1. Field of the Invention
The present invention relates to an arrangement for testing computers which are utilized for the control, regulating, or monitoring of processes.
Microcomputer-supported control systems are finding increasing application in areas which are subject to more stringent safety requirements.
This increasingly deals with processes in which, for reasons of safety, the process may not be stopped immediately upon occurrence of a malfunction, or which, for reasons of availability, will not stop. This task is generally solved through the employment of redundant regulating or control systems having two or more independent operational channels, which fulfill regulating or control tasks, and a microcomputer, wherein the microcomputer assumes the switching control, the monitoring and error locating in the two operational channels.

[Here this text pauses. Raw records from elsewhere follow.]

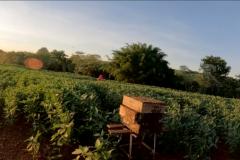 Com apoio do IDR-PR, abelhas produzem mel e aumentam produção de grãos no Noroeste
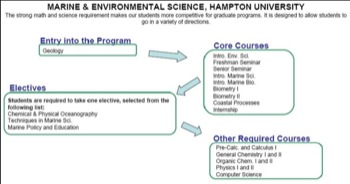 Curriculum Flow Chart Hampton
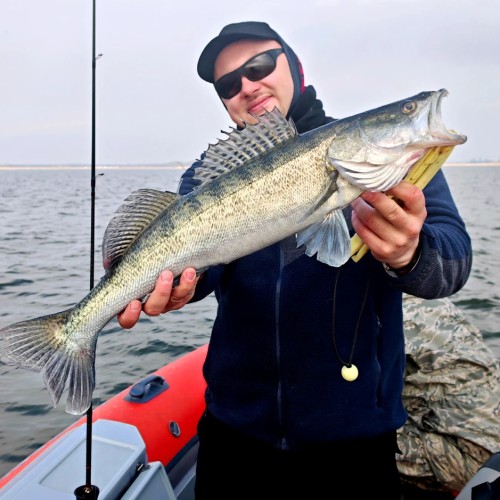 Рыбалка на спиннинг в Балтийском море и его заливах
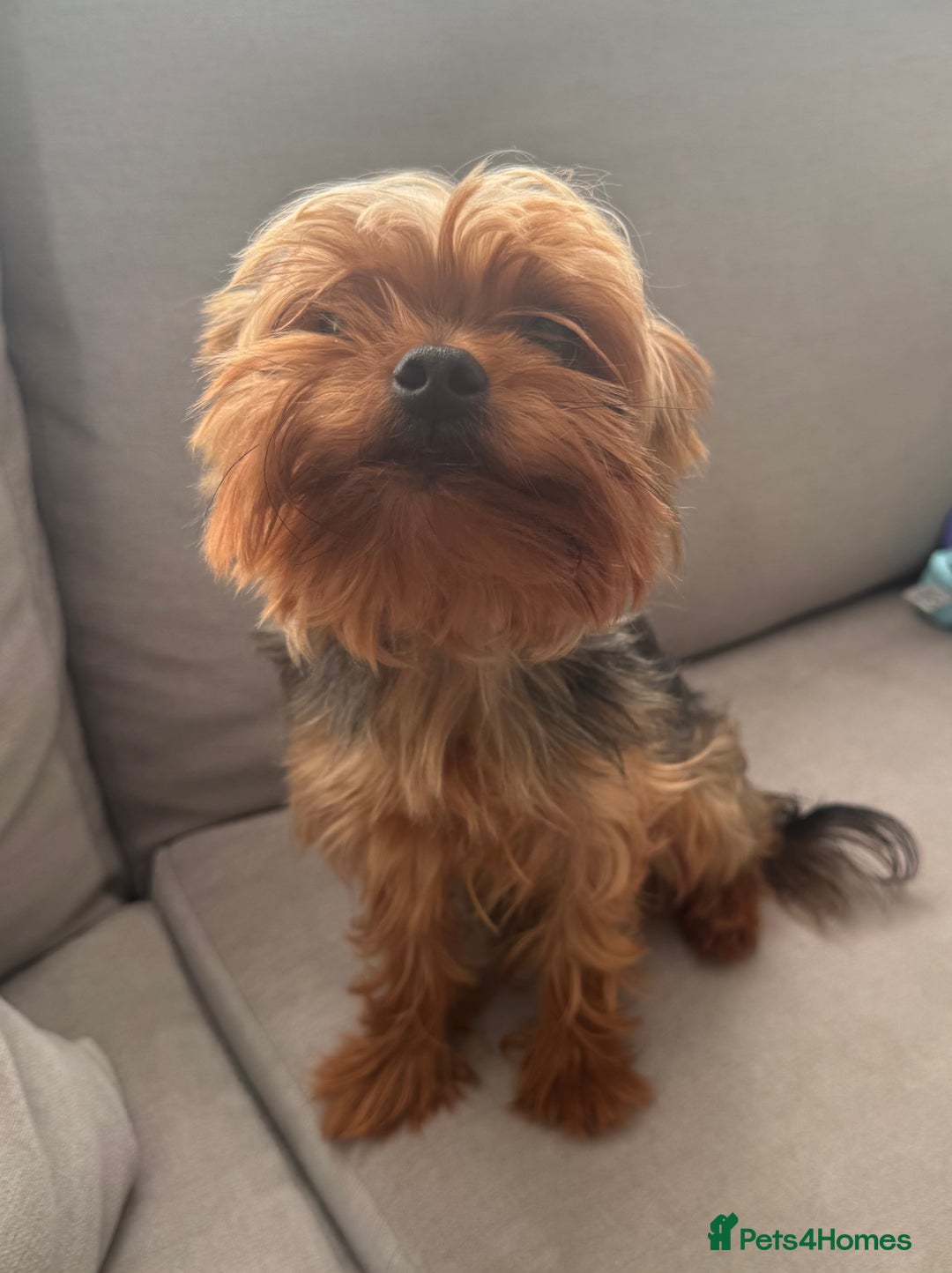Yorkshire Terrier dogs for stud: Minitature Yorkshire Terrier Stud in Bridgend - Image 14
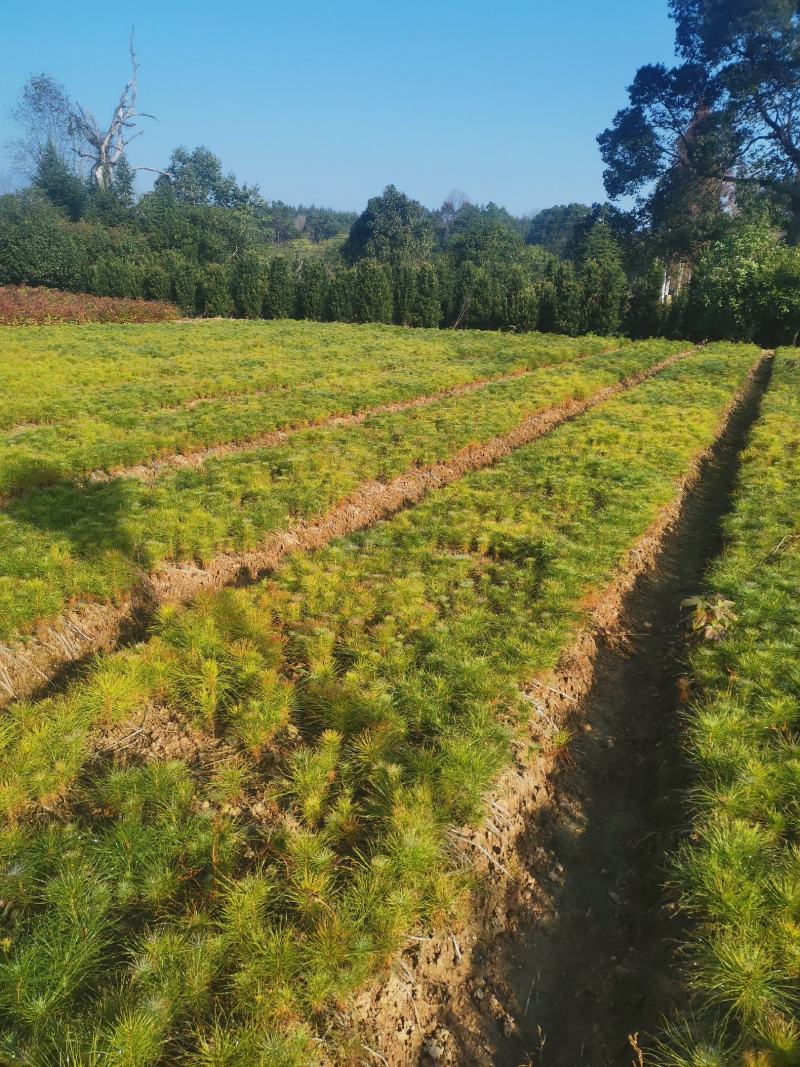 江西马尾松，一年马尾松小苗大量供应，马尾松种植基地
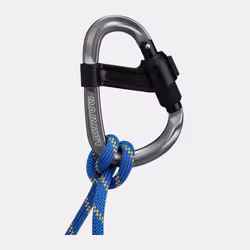 Mammut Smart HMS 2.0 Mousqueton à verrou Offset-D Aluminium Gris 1 pièce(s)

The safety concept proceeds from the assumption that the computer, as long as it operates faultlessly, will recognize errors in the control channels and, through corrective reaction can restore the system under its control into a safe condition. However, the functional reliability hereby ultimately still depends upon possible sources of error in the computer. Computer malfunctions can be limited in duration (for instance, power supply disruptions, crosstalk) or permanent (for instance, component failure). Typical fault conditions may result from stoppage of the computer (system pulse failure), when the computer runs in an endless loop; from data errors, particularly dynamic errors, dependent upon predetermined bit combinations; through a defective arithmetic unit so that commands (for instance, comparisons) can no longer be correctly executed; and from changes in the software, also in software redundancy through defective program memories.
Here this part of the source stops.